# Static like noise while adjusting volume knob on radio?



## Frijid (Apr 15, 2013)

it's been doing it for about a month. I know it's probably from dirty connections. it really doesn't bother me at all, and i really don't wanna be bothered by cleaning it, and like i said, it's not a big deal and doesn't bother me. 

my main question is, will this hurt anything over time? like if i never clean it, and just leave it like it is with the static, will it tear up anything in the long run. It's an 80's era made in Japan boombox i bought used at a thrift shop. So if i leave it like it is, static noise and all alone, will it damage anything?


----------



## Frijid (Apr 15, 2013)

"pots" is the term i was talking about "connections" that when they get dirty, it makes a crackle noise.


----------



## Freax (Apr 16, 2013)

Nah it wont damage anything, if you do it when the volume is up really loud there is a very rare slight chance that the tweeters might blow, but aside from that I highly doubt any damage will occur.
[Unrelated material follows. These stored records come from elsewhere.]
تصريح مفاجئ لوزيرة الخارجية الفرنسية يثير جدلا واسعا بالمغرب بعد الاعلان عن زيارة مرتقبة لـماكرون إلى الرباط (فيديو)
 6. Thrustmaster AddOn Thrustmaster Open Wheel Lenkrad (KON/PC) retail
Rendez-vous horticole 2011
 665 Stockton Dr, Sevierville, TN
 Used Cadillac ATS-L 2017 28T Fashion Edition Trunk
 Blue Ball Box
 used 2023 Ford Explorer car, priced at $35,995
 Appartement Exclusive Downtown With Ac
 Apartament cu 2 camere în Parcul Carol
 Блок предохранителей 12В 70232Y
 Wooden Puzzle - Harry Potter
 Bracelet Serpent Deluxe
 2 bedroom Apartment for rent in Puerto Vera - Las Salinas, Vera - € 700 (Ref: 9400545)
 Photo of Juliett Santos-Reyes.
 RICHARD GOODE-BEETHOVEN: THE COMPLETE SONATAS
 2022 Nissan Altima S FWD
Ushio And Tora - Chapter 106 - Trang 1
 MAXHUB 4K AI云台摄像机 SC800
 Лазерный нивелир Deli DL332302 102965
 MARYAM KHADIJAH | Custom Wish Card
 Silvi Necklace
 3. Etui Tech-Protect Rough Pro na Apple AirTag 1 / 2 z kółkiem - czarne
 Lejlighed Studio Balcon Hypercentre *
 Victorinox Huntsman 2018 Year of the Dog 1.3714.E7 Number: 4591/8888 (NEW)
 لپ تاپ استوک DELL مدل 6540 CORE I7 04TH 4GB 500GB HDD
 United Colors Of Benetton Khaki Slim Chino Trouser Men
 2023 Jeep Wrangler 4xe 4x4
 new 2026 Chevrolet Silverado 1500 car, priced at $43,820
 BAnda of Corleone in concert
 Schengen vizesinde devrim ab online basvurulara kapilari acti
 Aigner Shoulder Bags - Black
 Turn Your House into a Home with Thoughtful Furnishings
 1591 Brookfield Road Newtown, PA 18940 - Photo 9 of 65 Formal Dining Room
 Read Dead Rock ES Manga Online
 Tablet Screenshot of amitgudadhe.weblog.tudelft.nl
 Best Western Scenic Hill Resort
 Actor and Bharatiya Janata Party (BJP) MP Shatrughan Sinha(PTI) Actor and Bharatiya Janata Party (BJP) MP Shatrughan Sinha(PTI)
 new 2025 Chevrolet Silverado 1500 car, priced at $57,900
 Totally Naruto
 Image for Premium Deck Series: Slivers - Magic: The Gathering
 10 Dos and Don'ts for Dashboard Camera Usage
The pot contacts are telling you that they are dry though, some deoxit faderlube sprayed into the pot will clear it up quick though 

Enjoy your vintage boomyboxen.


----------



## JCD (Apr 16, 2013)

Try turning the knob back and forth a few dozen times with the power off. That procedure eliminated the static for me on my receivers years ago.


----------



## will (Apr 16, 2013)

JCD said:


> Try turning the knob back and forth a few dozen times with the power off. That procedure eliminated the static for me on my receivers years ago.



+1


----------



## Flying Turtle (Apr 16, 2013)

Freax said:


> The pot contacts are telling you that they are dry though, some deoxit faderlube sprayed into the pot will clear it up quick though



Once upon a time you could get "tuner spray" at Radio Shack for this problem.

Geoff


----------



## Jumpmaster (Apr 16, 2013)

From personal experience, I will +1 the Caig DeoxIT recommendation. It should clear that up for you. It is meant for consumer electronics, is safe for plastic, and you can buy it on Amazon (and elsewhere) and have it shipped to you. It is in my opinion, the best quality cleaner/lube for electronics like this.


----------



## HotWire (Apr 16, 2013)

Static noise while adjusting the volume control used to be a wide spread problem. Newer devices are quieter. The fix has been to spray electrical cleaner or tuner cleaner on the working parts of the pot (potentiometer). You might have to remove the case of the device first to access the working parts. You could buy a new pot and solder it in. That shouldn't be necessary, though. Be sure to get plastic-safe cleaner. Most electronic stores sell it. In California the best sprays are sold only to licensed service centers--not to consumers. Many of those old-time sprays contained freon. I find that interesting. A service center would be spraying that stuff all day. If I had some I would spray it twice a year--maybe less! You will not hurt your device by leaving the static.


----------



## PhotonWrangler (Apr 16, 2013)

I agree with the others here - it won't hurt anything unless your volume is turned up pretty high when it happens. The sharp, loud glitches can be a stressor for the speakers. The best cleaner/conditioner I've used over the years is called Blue Shower. The original formula that used freon was better than the newer "CFC-free" formula and was safer on plastics in my experience.


----------



## lildave (Apr 16, 2013)

Deox-it like jump said


----------



## Vesper (Apr 16, 2013)

Good topic. I have a few radios that do this. Thought there was nothing I could do. What is a pot connection anyway?


----------



## PhotonWrangler (Apr 16, 2013)

Vesper said:


> Good topic. I have a few radios that do this. Thought there was nothing I could do. What is a pot connection anyway?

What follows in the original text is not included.